● Work instruction
What you need to produce from the material below is an exact transcription of the lines from the one with "Free People Nina" through the one with "1950s Tandem Bike", both included, and no other line.

● Excerpted data
********************

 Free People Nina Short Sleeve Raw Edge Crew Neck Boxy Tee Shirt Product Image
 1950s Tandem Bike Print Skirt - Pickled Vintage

********************

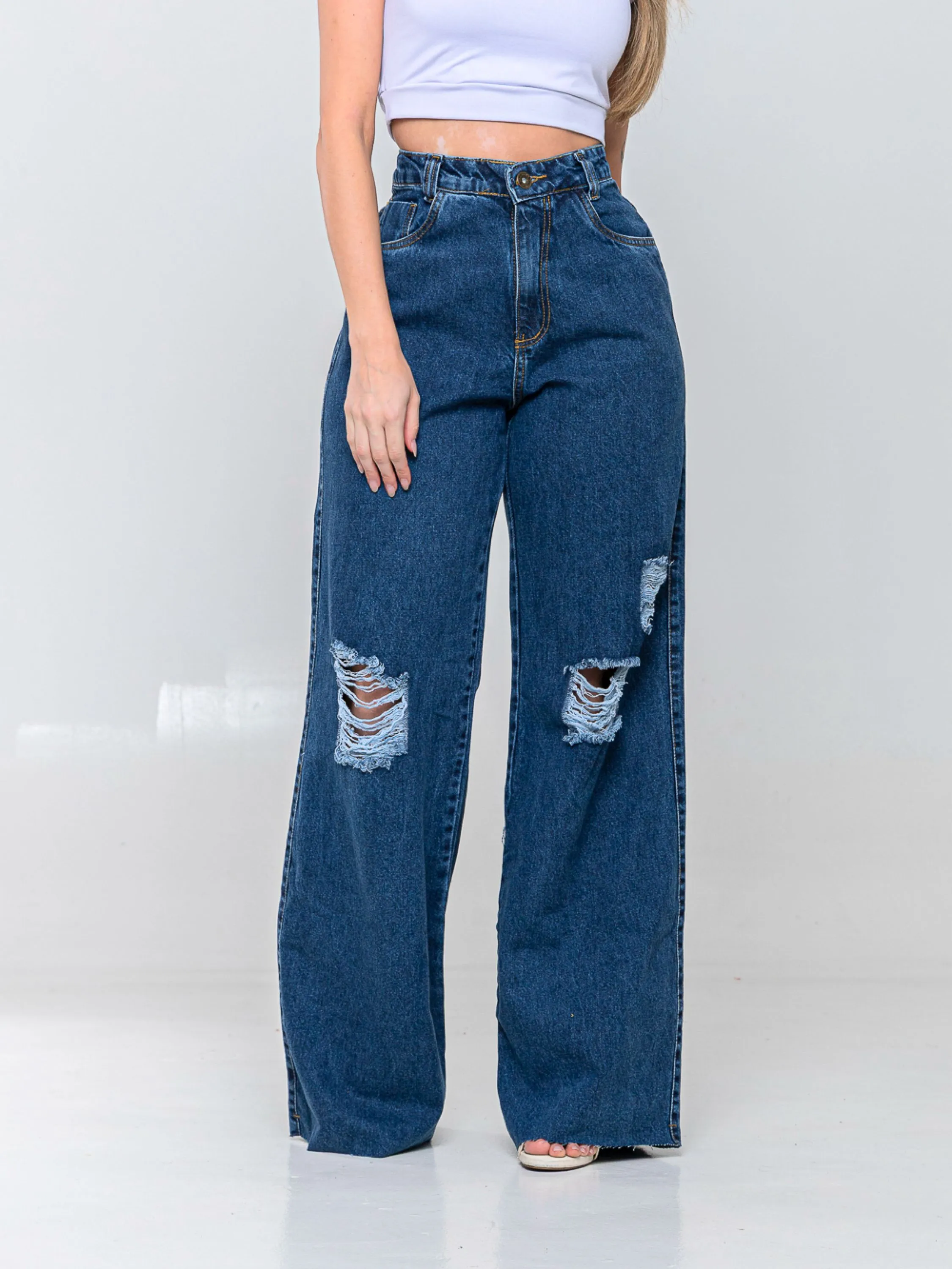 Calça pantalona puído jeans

********************

● Task output
 Free People Nina Short Sleeve Raw Edge Crew Neck Boxy Tee Shirt Product Image
 1950s Tandem Bike Print Skirt - Pickled Vintage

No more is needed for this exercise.